105 Views Asked by At

I'm reading Chen and Wu's book, Second order elliptic equations and elliptic systems. In the chapter on Krylov and Safonov theorem for nondivergence form elliptic equations, the concept of normal mapping is introduced. On page 81, definition 1.4 it is said that if $\Omega \subset \mathbf{R}^n$ is a domain, $x_0 \in \Omega$, for $\lambda \in \mathbf{R}$ they set $w$ the function such that its graph is a cone surface with vertex at $(x_0, \lambda)$ and base $\Omega$.

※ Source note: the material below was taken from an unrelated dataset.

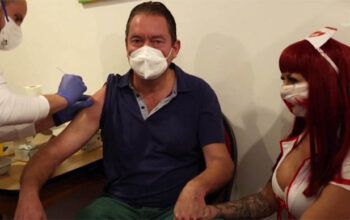 Vídeo: bordel da Áustria oferece '30 minutos com a senhorita que o cliente escolher' a quem aceitar ser vacinado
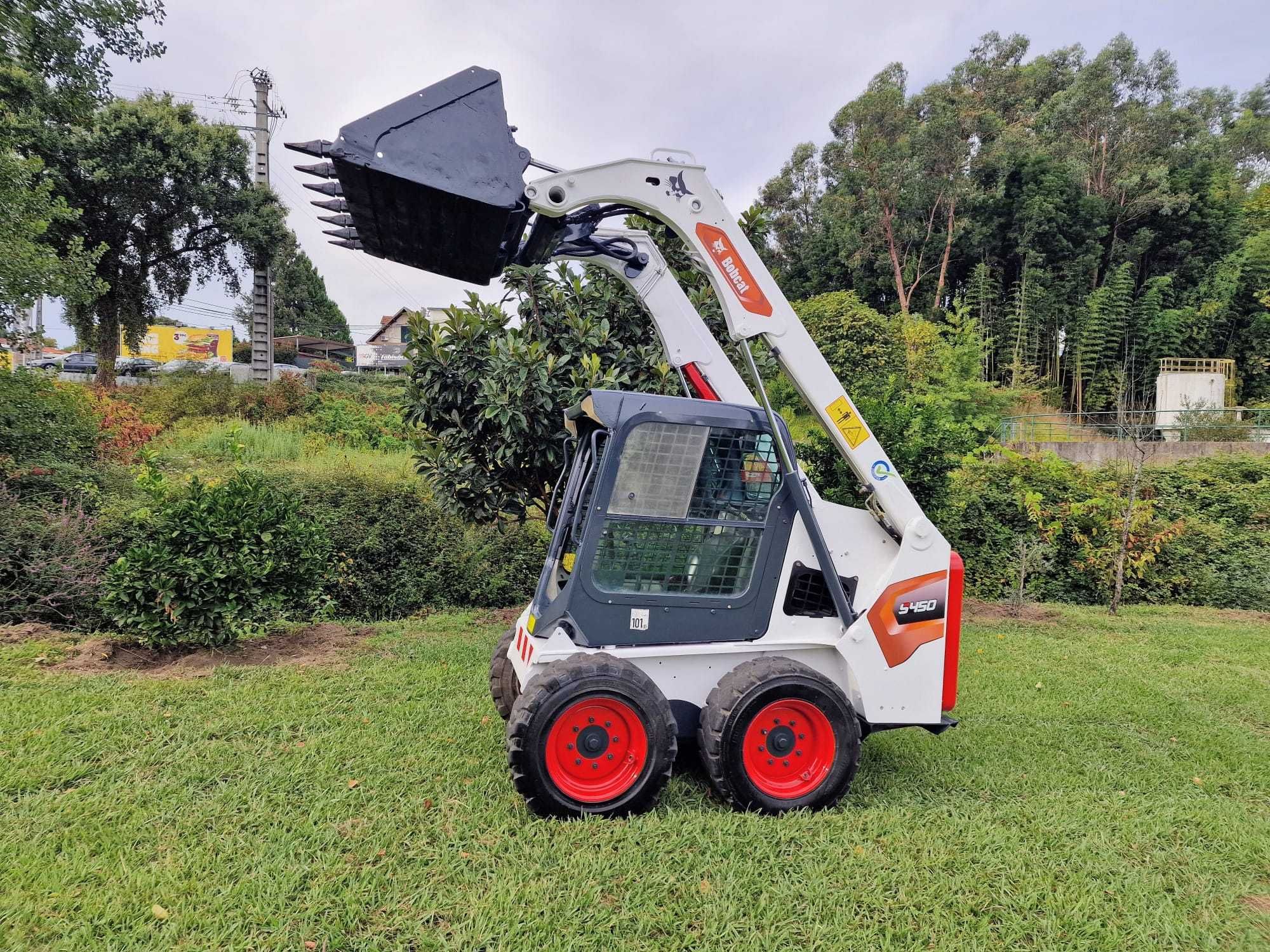 Mini Pá Bobcat S450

I tried to construct such a function, but failed. For example if one takes $\Omega \subset \mathbf{R}^2$ to be the domain which boundary is: $B\ =\ A_1 \cup A_2 \cup A_3 \cup A_4 \cup A_5 \cup A_6$ with:

  1. $A_1\ =\ \{(x,0): 1 \le x \le 2\}$
  2. $A_2\ =\ \{(1, y): 0 \le y \le 1\}$
  3. $A_3\ =\ \{(2,y): -1 \le y \le 0\}$
  4. $A_4\ =\ \{(x,-1): -1 \le x \le 2\}$
  5. $A_5\ =\ \{(-1, y): -1 \le y \le 1\}$
  6. $A_6\ =\ \{(x, 1): -1 \le x \le 1\}$

Then if we take $x_0\ =\ (0,0)$ and $\lambda =1$ I don't understand how to construct the function whose graph is a cone with vertex in $(x_0, 1)$ and base $\Omega$. In fact every point $(x,0)$ with $x > 0$ has "lots of lines" above it. Shall I assume $\Omega$ convex or am I doing something wrong?

1

There are 1 best solutions below

0
On

I describe the geometric intuition for ABP-estimate.

Hessian could be looked as a Jacobi metrix of $(u_1,...,u_n)\to (e_1,...,e_n)$. Elliptic property is just said the graph of the function could not have very narrow cone. By area formula and a rescaling we will derive ABP estimate.